Daniel Joseph (Dan) Brass (1948 - January 4, 2025) was an American organizational theorist and Professor of Innovation Management at the University of Kentucky, and Director of its LINKS Center for Social Network.

==Biography==
Brass studied at the University of Illinois at Urbana–Champaign, where in 1969 he received his BA in Psychology, in 1975 his MA in Labor and Industrial Relations, and in 1979 his PhD in Business Administration and Management.

Brass started his academic career as Assistant Professor at The Pennsylvania State University in 1979. In 2000, he moved to the University of Kentucky, where he was appointed J. Henning Hilliard Professor of Innovation Management. He founded the LINKS Center for Social Network Analysis in 2006, and served as the Director of the LINKS Center and Chair of the Department of Management in the Gatton College of Business and Economics.

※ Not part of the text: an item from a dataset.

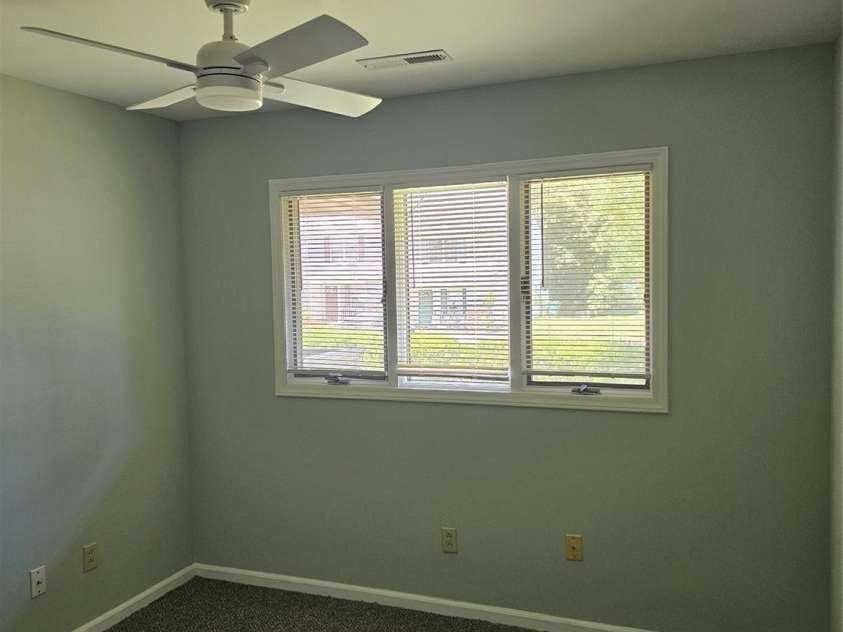 1831 J Julian Lane, Charlotte, NC 28208.  MLS# CAR4394260, YatesRealty ID 32974.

From 1995 to 2007 Brass was Associate Editor at the Administrative Science Quarterly. Brass also served on the editorial boards of many journals, such as Academy of Management Journal, Academy of Management Review, Administrative Science Quarterly, Journal of Applied Psychology, and Management and Organization Review.

His research interests "focus on the antecedents and consequences of social networks in organizations".

==Selected publications==
Brass authored and co-authored numerous publications in his field of expertise. Books, a selection:
- Brass, D. J. & Borgatti, S. P. (2020). Social networks at work. New York: Routledge.
Articles, a selection:
- Brass, Daniel J. "Being in the right place: A structural analysis of individual influence in an organization." Administrative Science Quarterly (1984): 518–539.
- Brass, Daniel J. "Men's and women's networks: A study of interaction patterns and influence in an organization." Academy of Management Journal 28.2 (1985): 327–343.
- Burkhardt, Marlene E., and Daniel J. Brass. "Changing patterns or patterns of change: The effects of a change in technology on social network structure and power." Administrative science quarterly (1990): 104–127.
- Brass, D. J., Galaskiewicz, J., Greve, H. R., & Tsai, W. (2004). "Taking stock of networks and organizations: A multilevel perspective". Academy of management journal, 47(6), 795–817.
- Borgatti, S. P., Mehra, A., Brass, D. J., & Labianca, G. (2009). "Network analysis in the social sciences." Science, 323(5916), 892–895.